I'm having trouble with uploading to Amazon KDP - their system is saying there's text too close to the margin. But it's totally invisible in the PDF. But their system catches it.

Attached is the wireframe from Amazon support showing hidden graphics in a wireframe view. How do you do wireframe view?

Also, attached is the warning from their book review system - it's catching hidden text.

I've also attached the Indesign screencap of the page with the graphic clearly cropped.

It seems Indesign is hiding the text/graphics but it's actually still inside the PDF somehow.

 

How can one see the Wireframe mode? Adobe Acrobat, Reader, Indesign? This would be helpful in the future to know to avoid this weird problem.

This topic has been closed for replies.

3 replies

Community Expert
September 8, 2023

Hi @elellilrah ,

about a wireframe view on a PDF:

There are tools for Acrobat Pro that provide a wireframe view like Enfocus Pitstop Pro.

 

Regards,
Uwe Laubender
( Adobe Community Expert )

Inspiring
September 9, 2023

Great, thank you. I saw that software. If I were a full-time production house, I'd get it but @ $32/mo.

I'll just be aware that anything I "crop" from Illustrator in Indesign isn't really a crop but a mask leaving crumbs in the PDF. 

leo.r
Community Expert
Community Expert
September 8, 2023

my understanding is the following (i'm sure others will correct me if I'm wrong):

 

you can't truly crop an imported non-raster page (that is a page that contains vector objects, including fonts). just like you can't truly "crop" a PDF page (as you already mentioned), even in Acrobat (unless it consists of raster images only). you can only mask such pages. i assume it's just too complex to "slice" multitude of vector objects, including text. how, for example, would you slice live text that's not converted to outlines?

 

now, evidently you could achieve a real crop when you exported the artboard from Illustrator. i assume Illustrator is more sophisticated when dealing with its own files. still, if your artboard boundaries crop live text in Illustrator it will also only be masked in PDF.

 

in Acrobat, if you cropped your page in Acrobat itself, you can try to reveal masked areas via the Set Page Boxes feature (Cmd-Shift-P).

Inspiring
September 8, 2023

The only way I figured out how to do it was to crop the artboard in Illustrator only for the area of interest, then export the artboard to a PDF. That way Illustrator did the cutting and I still had a vector image.

KDP suggested converting to raster but the fine lines of the map looked terrible.
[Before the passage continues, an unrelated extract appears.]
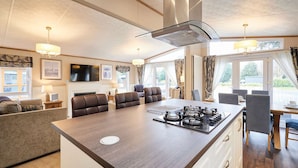 A modern kitchen with a central island, dining area, and seating. - Host Stay Sutton Lodge (York)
So, I went with the cropped PDF from Illustrator and it worked as needed.

Good to know about the "fake" cropping in Indesign. You're right - how could ID really "crop" anything like that. 

Always learning something new in the desktop publishing world.

Community Expert
September 8, 2023

Sorry for butting in - and maybe and probably not the answer - but wondering does the setting in exporting to PDF of Clip Images to Frames does not have any effect?

 

Inspiring
September 7, 2023

Once I took the maps I created in Indesign, cropped the artboard down to the area of interest, exported that portion of the AI file to a PDF, and re-imported into Indesign, the file would pass the check.

Why does Indesign not actually truly "crop" the AI file but leaves a hidden pile of crumbs?

James Gifford—NitroPress
Legend
September 7, 2023

KDP is... maddening. "Arbitrary and opaque" is just the beginning. 

 

Be glad you found a fix without having to rely on any useful return data. They aren't much good at providing it. 

 

But it's not news that graphics within PDFs are often only masked, not cropped. It's a dirty little secret that docs cropped in Acrobat to hide info can often be retrieved whole. And of course, all that data bulk is retained as well.

 

Use processes that actually crop images, especially AI and PDF, for all these reasons.

Inspiring
September 7, 2023

Wow that's really good to know things are masked over not truly cropped away. Will be more careful for sure. Don't want to leave something I don't want getting out.